Борис Носик - Тот век серебряный, те женщины стальные…
Ты едешь немножко поздно… Еще очень недавно я мечтала ехать с тобой в Италию и даже начала учиться итальянскому языку: все изменилось в несколько дней. Ты как-то говорил, что я не скоро могу отдать свое сердце, — я его отдала в неделю по первому призыву, без борьбы, без уверенности, почти без надежды, что меня любят… ты меня не знал, да и я себя не знала. Прощай, милый!
Мне хотелось тебя видеть, но к чему это поведет? Мне очень хотелось говорить с тобой о России.
Едва отослав письмо, Аполлинария начинает уже сожалеть, что из жизни ее уйдет нечто важное (например, разговоры о России, а может, и муки тоже уйдут), она тут же записывает о Достоевском в дневнике: «В эту минуту мне очень грустно. Какой он великодушный, благородный! Какой ум! Какое сердце!»
Впрочем, радости молодой любви делают эту ее грусть недолговечной.
…В воскресенье, всего за три дня до приезда Достоевского, ее возлюбленный Сальвадор вдруг заговорил о том, что он, возможно, уедет из Парижа. Они договорились встретиться во вторник. Во вторник испанца не было дома. Он не появился и в среду и не ответил на записку. Не появился и на следующий день. Потом Аполлинария получила от его товарища письмо, сообщавшее, что у Сальвадора тиф, что он опасно болен, что с ним нельзя видеться. Аполлинария была в отчаянии, обсуждала с Достоевским опасность, грозящую жизни Сальвадора, а в субботу пошла прогуляться близ Сорбонны и встретила веселого Сальвадора в компании друзей. Он был здоровехонек. Ей все стало ясно…

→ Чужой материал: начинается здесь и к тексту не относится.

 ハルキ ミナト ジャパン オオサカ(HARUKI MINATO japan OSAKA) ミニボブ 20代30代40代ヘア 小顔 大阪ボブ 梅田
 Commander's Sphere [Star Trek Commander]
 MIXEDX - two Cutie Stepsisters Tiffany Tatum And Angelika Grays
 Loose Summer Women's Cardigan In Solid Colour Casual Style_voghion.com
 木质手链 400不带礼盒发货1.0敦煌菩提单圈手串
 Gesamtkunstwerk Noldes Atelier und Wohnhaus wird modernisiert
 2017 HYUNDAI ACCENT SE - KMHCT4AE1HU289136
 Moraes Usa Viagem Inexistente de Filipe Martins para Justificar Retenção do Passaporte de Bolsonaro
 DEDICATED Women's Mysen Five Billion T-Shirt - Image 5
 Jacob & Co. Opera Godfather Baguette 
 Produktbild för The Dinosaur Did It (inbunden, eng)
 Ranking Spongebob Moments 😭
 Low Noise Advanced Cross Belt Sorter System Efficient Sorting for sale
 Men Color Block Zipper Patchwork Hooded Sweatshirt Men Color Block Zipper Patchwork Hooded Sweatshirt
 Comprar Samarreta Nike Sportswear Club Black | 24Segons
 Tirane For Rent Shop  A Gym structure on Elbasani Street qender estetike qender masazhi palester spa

Ночь она провела в слезах, в мыслях о мщении и о самоубийстве, потом позвала Достоевского. Еще при первой парижской встрече он предложил ей уехать с ним в Италию, оставаясь ей при этом как брат. Он обещал ей быть бескорыстным утешителем. Они покинули Париж и двинулись вместе в Италию. Надо ли говорить о том, что он не удержался на высоте «братских» отношений. Иные из исследователей Достоевского (скажем, профессор А. Долинин) упрекают писателя в том, что он не выдержал, не остался до конца великодушным, толкнул бедную женщину дальше — «в тину засасывающей пошлости», пробудил в ее душе новое омерзение к себе и даже мысли о самоубийстве. Но не будь этого, не было бы и кающихся героев, не было бы и Достоевского. Тот же Долинин замечает, что «герой подполья, чтобы тем сильнее казнить себя, выставляет напоказ всю свою мерзость: тяжелее всего воспринимается его поступок с падшей, к которой он тоже вначале приходит как спаситель». Но и Аполлинария была в их странствии уже не та, что раньше (и это тоже отмечает А. Долинин). Она научилась мучительству не хуже Достоевского. Она терзает его недоступностью, разжигает его страсть, ранит мужское самолюбие. И он отнюдь не разлюбил ее за это. Он «предлагал ей руку и сердце» еще и накануне их окончательного разрыва, в 1865-м, да и после женитьбы на преданной, кроткой Анне Григорьевне он продолжал переписываться (а может, и встречаться) с Аполлинарией. Он пишет ей снова и снова, всякий раз словно извиняясь за прозаичность своего брака и своего семейного счастья, называя ее «другом вечным»:
О, милая, я не к дешевому необходимому счастью приглашаю тебя. Я уважаю тебя и всегда уважал за твою требовательность… ты людей считаешь или бесконечно сияющими, или тотчас же подлецами и пошляками.
После путешествия по Италии Аполлинария вернулась в Париж. Город этот, чувствует она, нужен всем заблудившимся и потерянным. Дневник ее выдает теперь бесконечные поиски новой любви, взамен прежней. Проходят по страницам мало чем примечательные персонажи-мужчины: Англичанин, Валлах, Грузин, Лейб-медик… Все жмут ей руку (может, это такой дамский эвфемизм XIX века, а жмут вовсе даже не руку). Сама она пишет о погружении в тину пошлости и опять винит в этом Достоевского, который был первым: «Куда девалась моя смелость? Когда я вспоминаю, что была я два года назад, я начинаю ненавидеть Достоевского, он первый убил во мне веру…»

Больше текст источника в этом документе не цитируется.